▸ **What is required**:
Leave the pictures in the listing below aside and reproduce exactly the lines starting with the one with "真力 Genelec 定制音频线 卡侬线 XLLR-XLR 单根 卡农" and going on through the one with "(Model Kits) MEGAMI", both ends included.

── Records to process ──

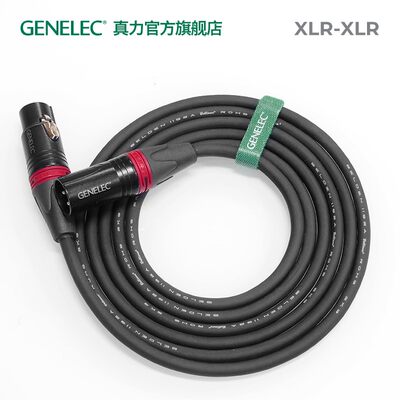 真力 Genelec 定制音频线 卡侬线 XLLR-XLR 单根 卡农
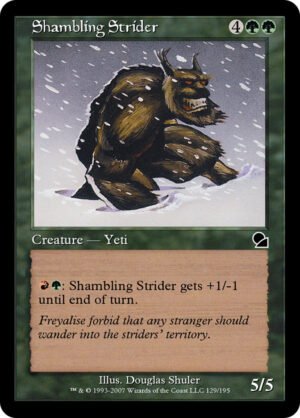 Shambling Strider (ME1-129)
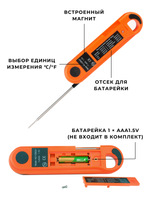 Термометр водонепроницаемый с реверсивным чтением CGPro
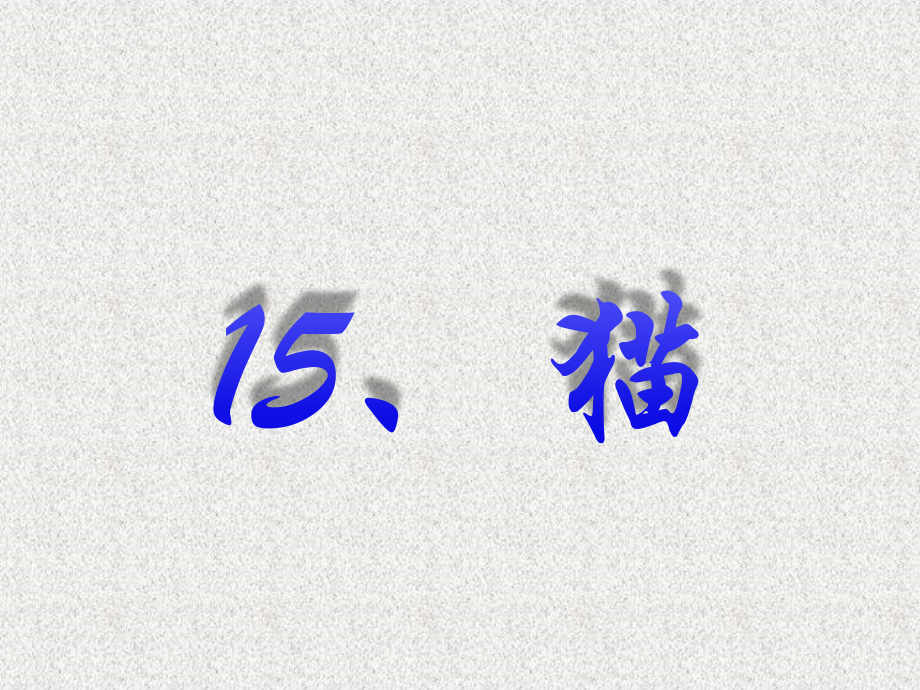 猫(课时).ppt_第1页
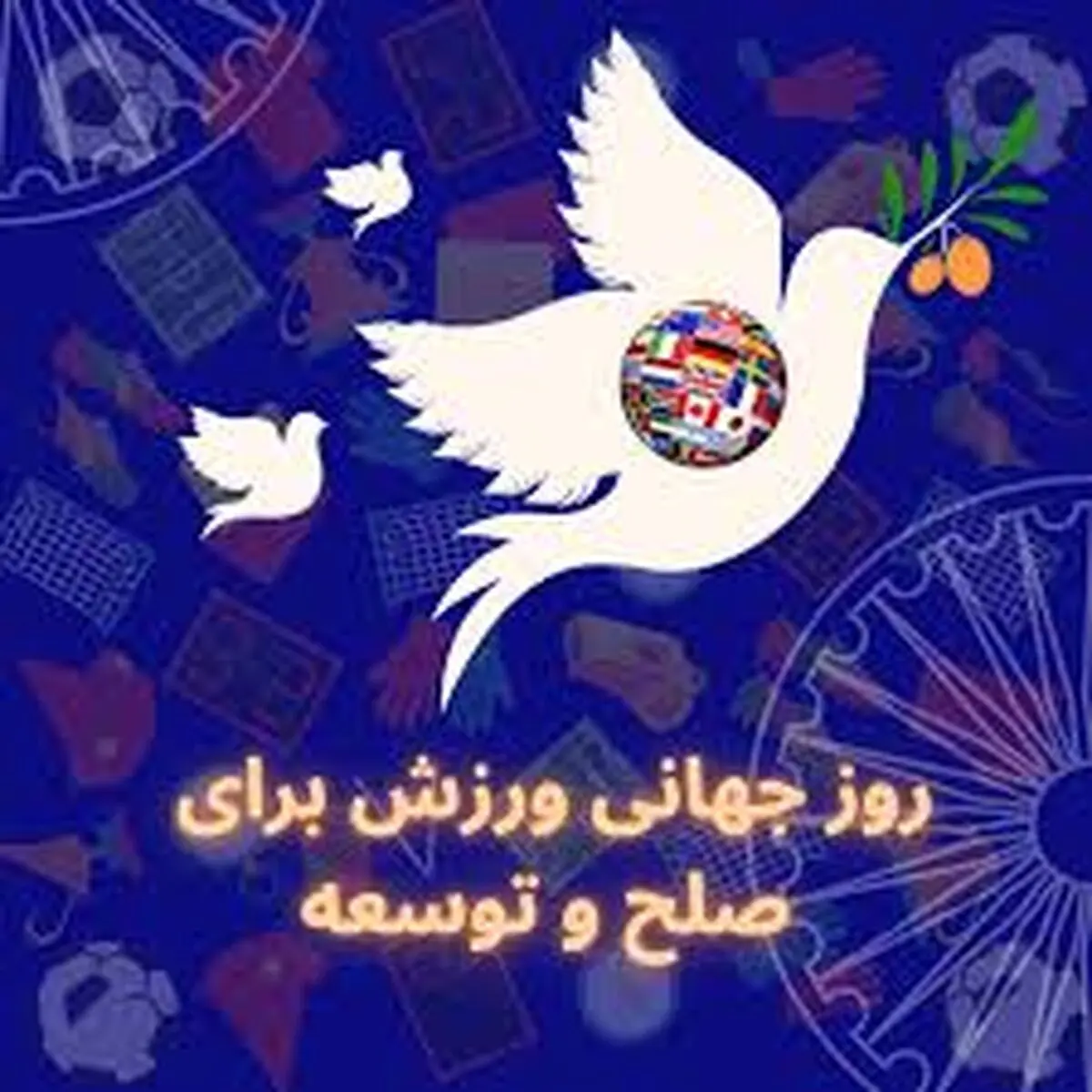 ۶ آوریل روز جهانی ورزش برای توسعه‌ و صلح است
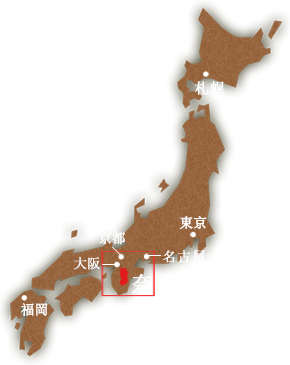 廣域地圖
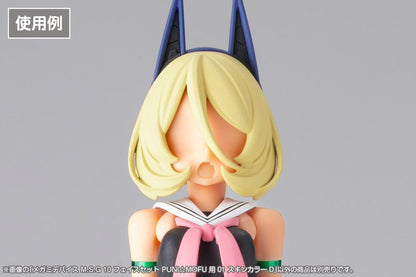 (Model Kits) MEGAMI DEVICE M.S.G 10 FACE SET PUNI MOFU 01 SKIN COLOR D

───
── Records to process ──

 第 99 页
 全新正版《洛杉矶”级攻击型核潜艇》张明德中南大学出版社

───

▸ **Completed task**:
 真力 Genelec 定制音频线 卡侬线 XLLR-XLR 单根 卡农
 Shambling Strider (ME1-129)
 Термометр водонепроницаемый с реверсивным чтением CGPro
 猫(课时).ppt_第1页
 ۶ آوریل روز جهانی ورزش برای توسعه‌ و صلح است
 廣域地圖
 (Model Kits) MEGAMI DEVICE M.S.G 10 FACE SET PUNI MOFU 01 SKIN COLOR D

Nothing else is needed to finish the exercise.